[Records from a collection]

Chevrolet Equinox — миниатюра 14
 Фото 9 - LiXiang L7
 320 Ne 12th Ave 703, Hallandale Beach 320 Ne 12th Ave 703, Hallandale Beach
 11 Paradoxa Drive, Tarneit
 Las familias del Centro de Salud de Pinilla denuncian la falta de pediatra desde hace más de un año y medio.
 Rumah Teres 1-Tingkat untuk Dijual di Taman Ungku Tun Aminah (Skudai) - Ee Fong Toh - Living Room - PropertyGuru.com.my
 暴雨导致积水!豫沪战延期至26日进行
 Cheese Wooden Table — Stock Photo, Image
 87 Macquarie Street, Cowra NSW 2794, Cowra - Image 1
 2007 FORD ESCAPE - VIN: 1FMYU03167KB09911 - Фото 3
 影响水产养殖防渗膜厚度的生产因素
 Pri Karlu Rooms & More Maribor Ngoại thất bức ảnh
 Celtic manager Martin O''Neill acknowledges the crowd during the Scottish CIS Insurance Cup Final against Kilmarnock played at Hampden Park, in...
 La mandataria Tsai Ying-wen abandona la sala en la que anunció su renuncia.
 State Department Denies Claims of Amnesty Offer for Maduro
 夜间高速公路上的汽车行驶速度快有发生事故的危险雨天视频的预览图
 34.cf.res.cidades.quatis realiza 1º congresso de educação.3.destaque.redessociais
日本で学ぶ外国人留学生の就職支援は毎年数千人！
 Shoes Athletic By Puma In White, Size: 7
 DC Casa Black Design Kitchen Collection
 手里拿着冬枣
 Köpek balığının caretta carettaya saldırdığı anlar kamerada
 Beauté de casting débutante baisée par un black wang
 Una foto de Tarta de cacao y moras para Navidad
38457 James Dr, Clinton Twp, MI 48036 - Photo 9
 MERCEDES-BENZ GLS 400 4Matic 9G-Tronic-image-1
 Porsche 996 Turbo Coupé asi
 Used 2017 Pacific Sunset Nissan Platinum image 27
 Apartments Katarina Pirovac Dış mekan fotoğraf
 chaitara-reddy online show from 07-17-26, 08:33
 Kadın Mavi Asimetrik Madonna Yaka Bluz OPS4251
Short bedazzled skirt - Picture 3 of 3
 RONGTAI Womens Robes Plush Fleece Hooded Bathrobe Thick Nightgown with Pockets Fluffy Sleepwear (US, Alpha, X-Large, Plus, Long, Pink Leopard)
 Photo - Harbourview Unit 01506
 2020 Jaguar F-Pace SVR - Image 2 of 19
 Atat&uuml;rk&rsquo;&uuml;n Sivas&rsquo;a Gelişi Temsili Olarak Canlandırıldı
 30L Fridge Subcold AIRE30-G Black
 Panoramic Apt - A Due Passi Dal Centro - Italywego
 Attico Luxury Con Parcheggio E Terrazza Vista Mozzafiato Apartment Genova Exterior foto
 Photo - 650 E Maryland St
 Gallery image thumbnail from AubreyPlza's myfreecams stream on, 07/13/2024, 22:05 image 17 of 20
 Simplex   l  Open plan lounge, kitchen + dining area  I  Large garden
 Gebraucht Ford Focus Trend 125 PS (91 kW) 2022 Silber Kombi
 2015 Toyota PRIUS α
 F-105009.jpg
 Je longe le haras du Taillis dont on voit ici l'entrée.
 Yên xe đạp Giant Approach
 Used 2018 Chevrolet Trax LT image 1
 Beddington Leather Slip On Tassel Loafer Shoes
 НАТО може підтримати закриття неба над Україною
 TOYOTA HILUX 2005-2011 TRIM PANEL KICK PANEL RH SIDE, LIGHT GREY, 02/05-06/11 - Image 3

### What you should do
Wherever the string "Centro" appears in the records above, copy the line it sits in.

### Written response
 Las familias del Centro de Salud de Pinilla denuncian la falta de pediatra desde hace más de un año y medio.
 Panoramic Apt - A Due Passi Dal Centro - Italywego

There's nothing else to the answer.